The European Union, which had in previous years introduced a resolution on Chechnya at the U.N. Commission on Human Rights, has declined to do so at this year’s Commission, which is now in session.

“It is astounding that the European Union has decided to take no action on Chechnya at the Commission,” said Rachel Denber, acting executive director of Human Rights Watch’s Europe and Central Asia Division. “To look the other way while crimes against humanity are being committed is unconscionable.”

Under international law, a widespread and systematic pattern of enforced disappearances constitutes a crime against humanity—an act that outrages the conscience of humankind. Any state may prosecute the perpetrators of such crimes, including responsible government officials and heads of states.

“Thousands of people have ‘disappeared’ in Chechnya since 1999, with the full knowledge of the Russian authorities,” Denber said. “Witnesses now tell us that the atmosphere of utter arbitrariness and intimidation is ‘worse than a war.’”

The 57-page briefing paper documents several dozen new cases of “disappearances” based on Human Rights Watch’s recent research mission to Chechnya. Most occurred in the past months, as the Russian government claimed to the international community that the situation in Chechnya was steadily normalizing.

“‘Disappearances’ are a signature abuse in the six-year conflict in Chechnya,” said Denber. “The Commission on Human Rights must adopt a strong resolution to send the message that Russia’s continuing practice of ‘disappearances’ will have consequences.”
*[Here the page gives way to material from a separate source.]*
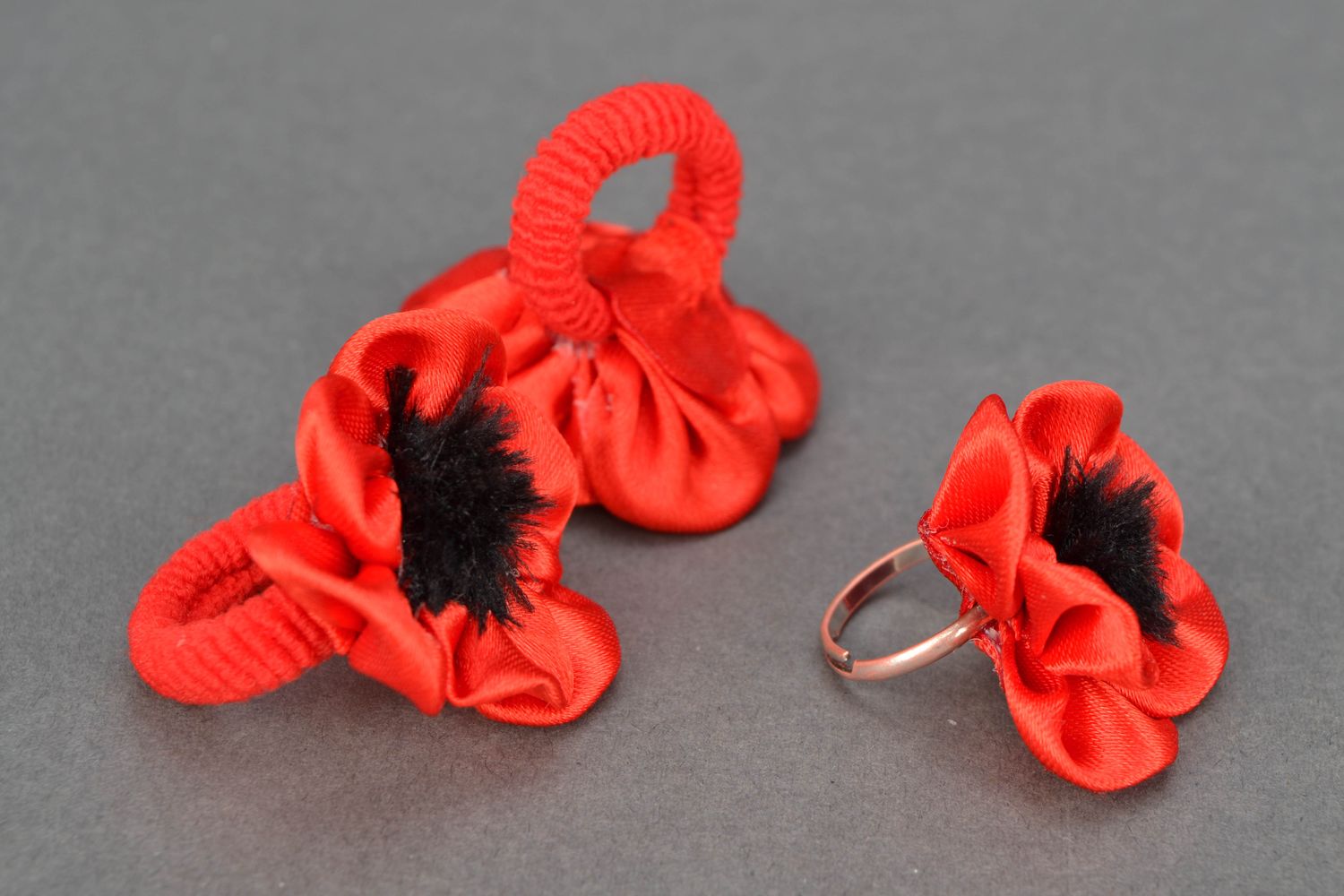 Set of jewelry made of satin ribbons Poppies photo 4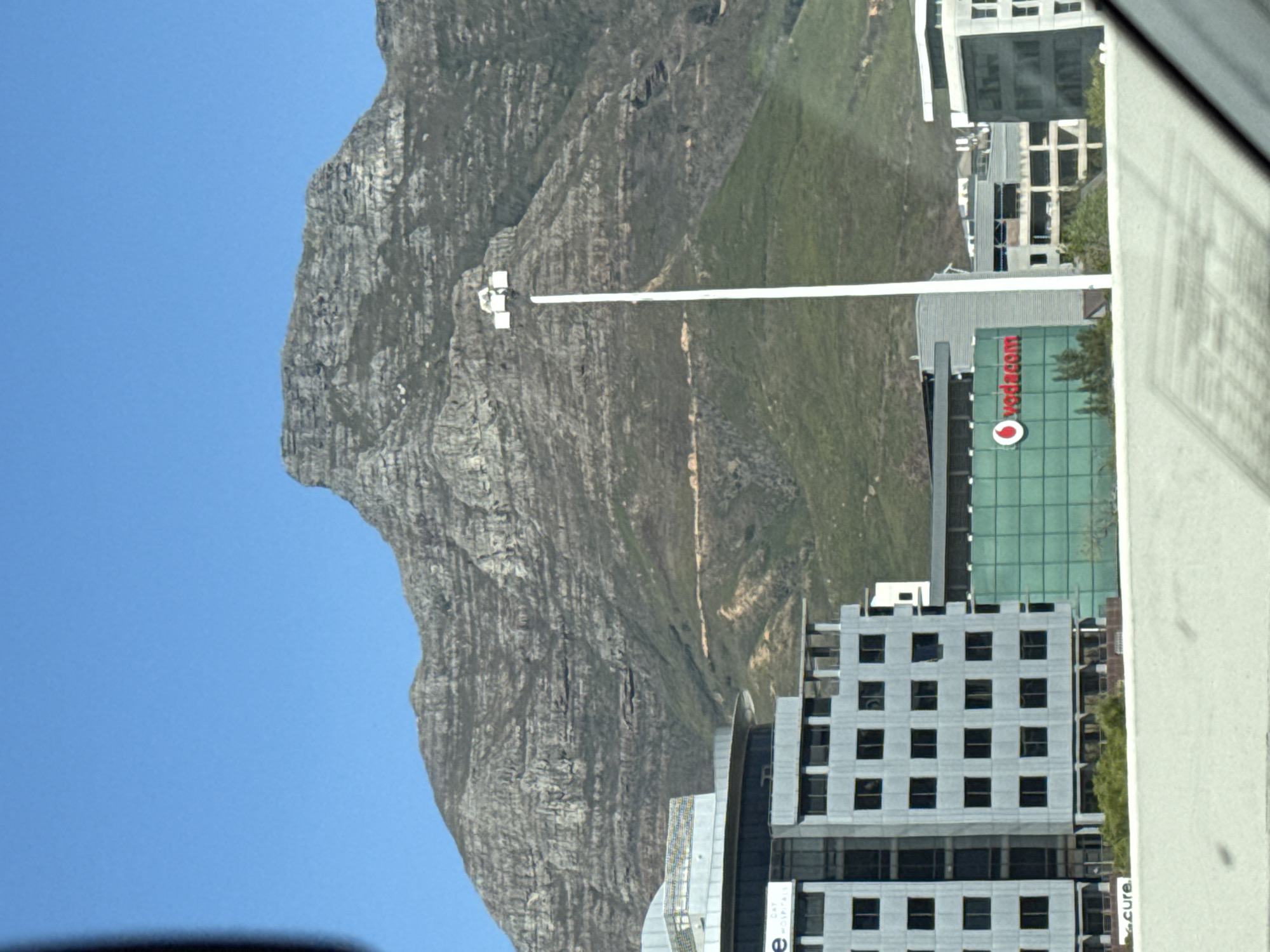 Clear day views of Table Mountain captured in Cape Town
Local human rights groups estimate that between 3,000 and 5,000 people have “disappeared” since the beginning of the conflict in 1999. Russian governmental statistics put the figure at 2,090 persons. All of these people are either civilians or otherwise unarmed when taken into custody. Russian authorities deny all responsibility for their fate or whereabouts.

Human Rights Watch said that the vast majority of the “disappearances” are perpetrated by government agents—either Russian federal forces or, increasingly, local Chechen security forces who are ultimately subordinate to Russian authorities. In the last five years law enforcement agencies have opened more than 1,800 criminal investigations into the “disappearances,” but not a single case has resulted in a conviction.

“The Russian government is fully aware of the scale of the problem,” said Denber. “It simply isn’t committed to bringing the perpetrators to justice. And this perpetuates the cycle of abuse.”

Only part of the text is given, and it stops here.